*Work order:*
Output, word for word, the line that contains "GU ワイドパンツ　濃茶　薄手　ウエストゴム　b618" and all lines after it in the records below, omitting pictures.

<<<<

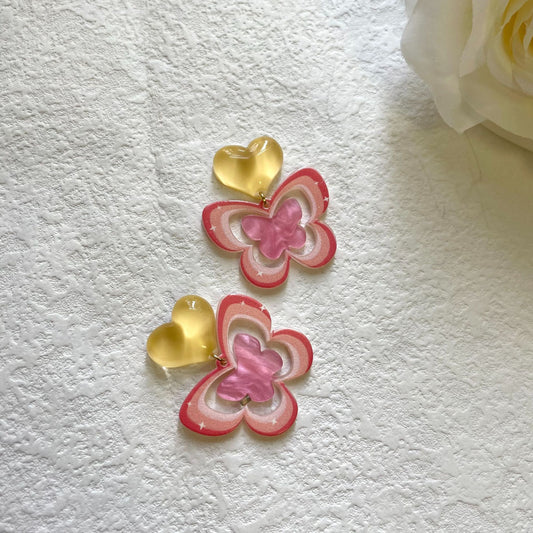 Acrylic Love Butterfly Earrings MIC-MMZ003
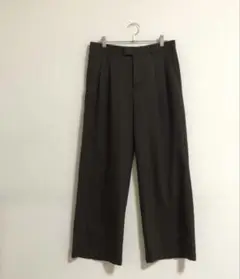 GU ワイドパンツ　濃茶　薄手　ウエストゴム　b618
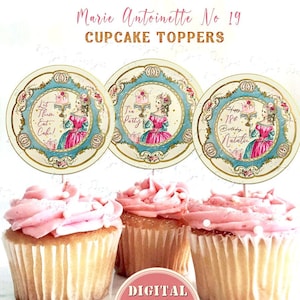 Personalized Marie Antoinette Cupcake Toppers, High Tea Party Toppers, Marie Antoinette Let Them Eat Toppers , Marie Birthday Party Decor
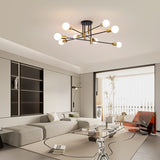 NNEDSZ Modern Black Gold Ceiling Light 8 Lights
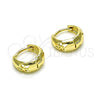 Argolla Huggie 02.213.0481.12 Oro Laminado, Diseño de Flor, Pulido, Tono Dorado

>>>>

*Result of the exercise:*
 GU ワイドパンツ　濃茶　薄手　ウエストゴム　b618
 Personalized Marie Antoinette Cupcake Toppers, High Tea Party Toppers, Marie Antoinette Let Them Eat Toppers , Marie Birthday Party Decor
 NNEDSZ Modern Black Gold Ceiling Light 8 Lights
 Argolla Huggie 02.213.0481.12 Oro Laminado, Diseño de Flor, Pulido, Tono Dorado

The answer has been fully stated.